### [Task to complete]
Every entry below is to be returned unchanged. Images are not part of the copy.

** Opening Records for this exercise block **

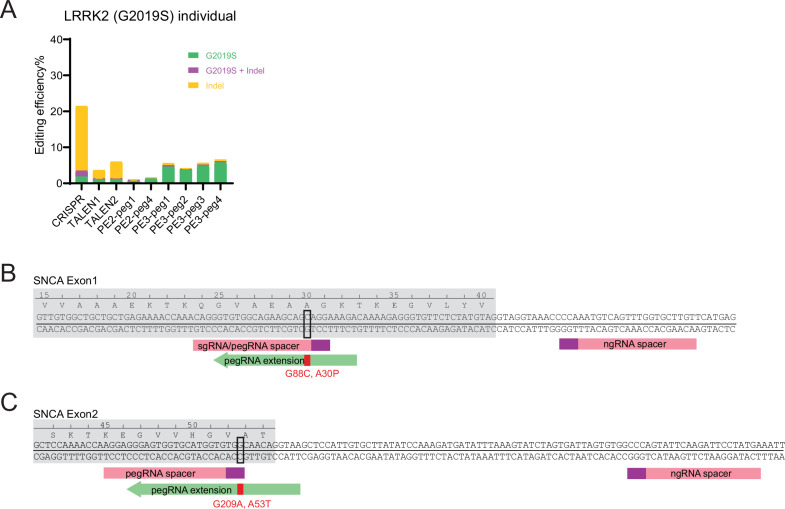 Figure 1—figure supplement 1.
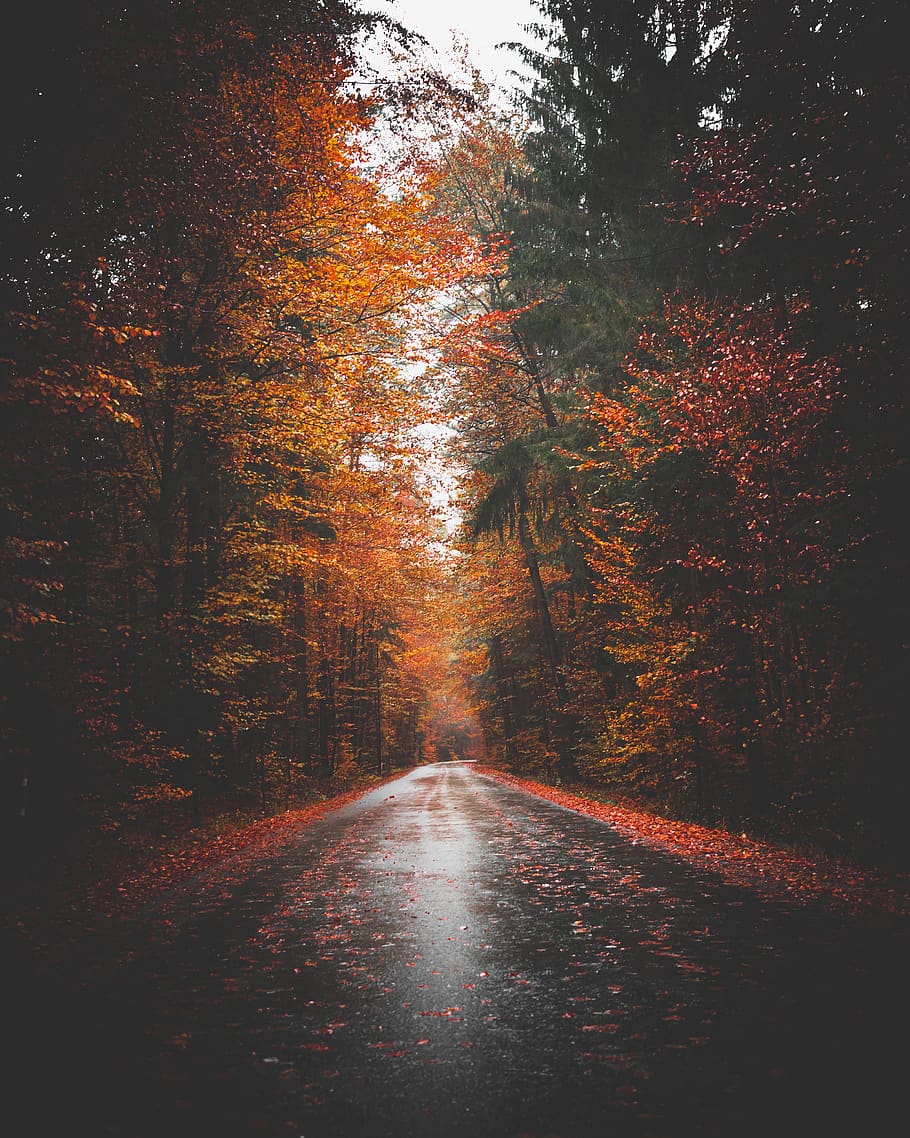 empty road surrounded by tree lines, direction, the way forward HD wallpaper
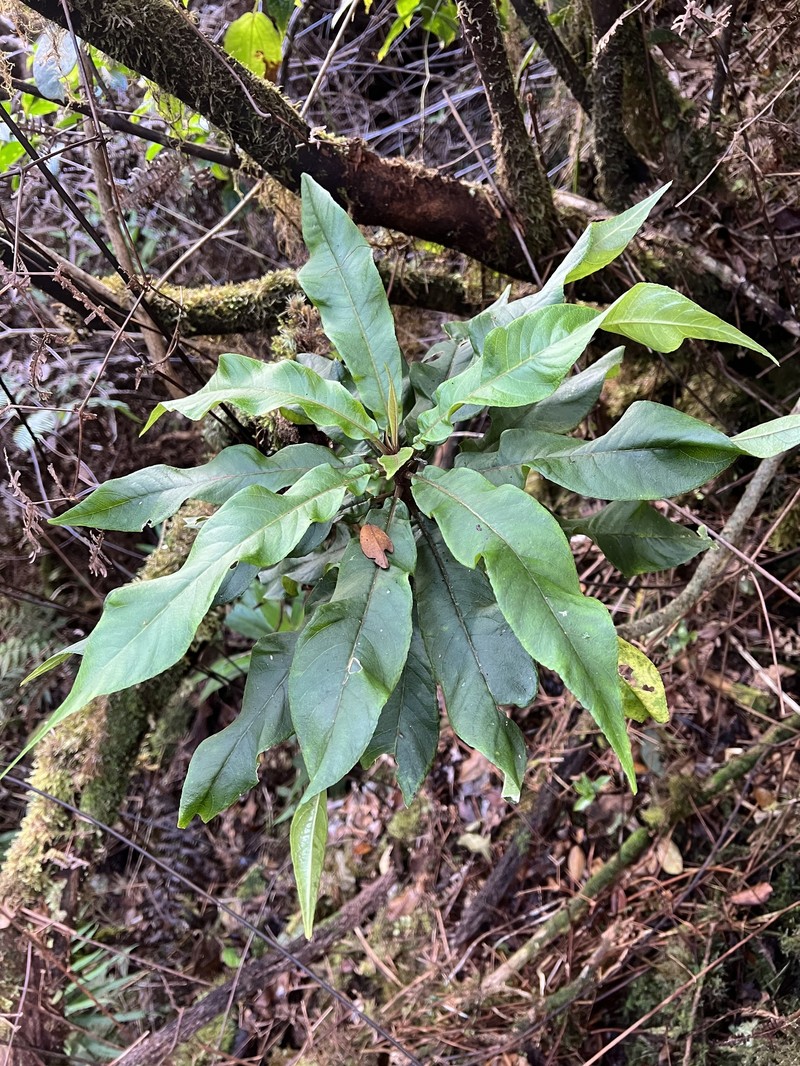 Leechleaf Cyanea photo 8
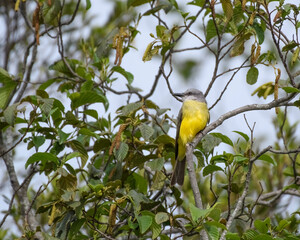 Tyrannus Melancholicus, Tropical Kingbird perched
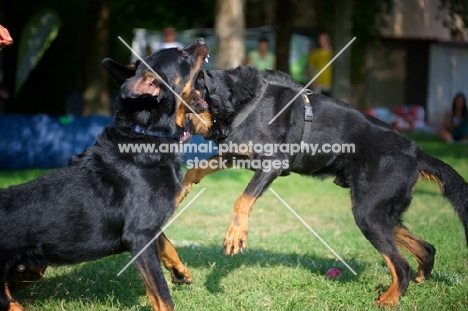 Two male Beauceron arguing
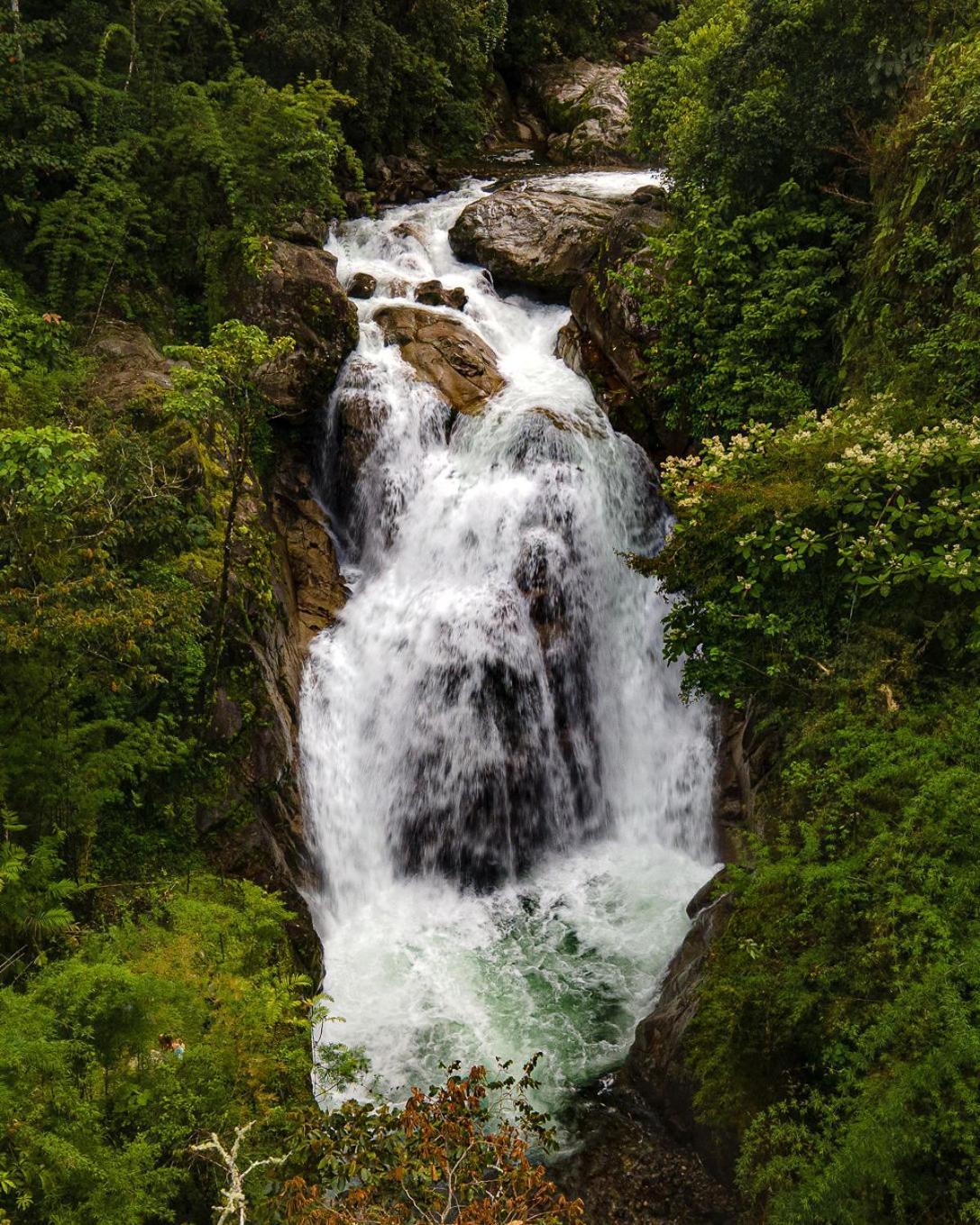 Talamanca Nature Reserve Rivas Eksteriør bilde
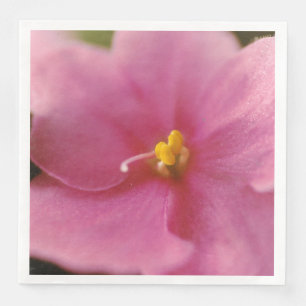 Pastel roze Afrikaanse Violet (Saintpaulia) Bloem Servet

** Closing Records for this exercise block **

### [Task answer]
 Figure 1—figure supplement 1.
 empty road surrounded by tree lines, direction, the way forward HD wallpaper
 Leechleaf Cyanea photo 8
 Tyrannus Melancholicus, Tropical Kingbird perched
 Two male Beauceron arguing
 Talamanca Nature Reserve Rivas Eksteriør bilde
 Pastel roze Afrikaanse Violet (Saintpaulia) Bloem Servet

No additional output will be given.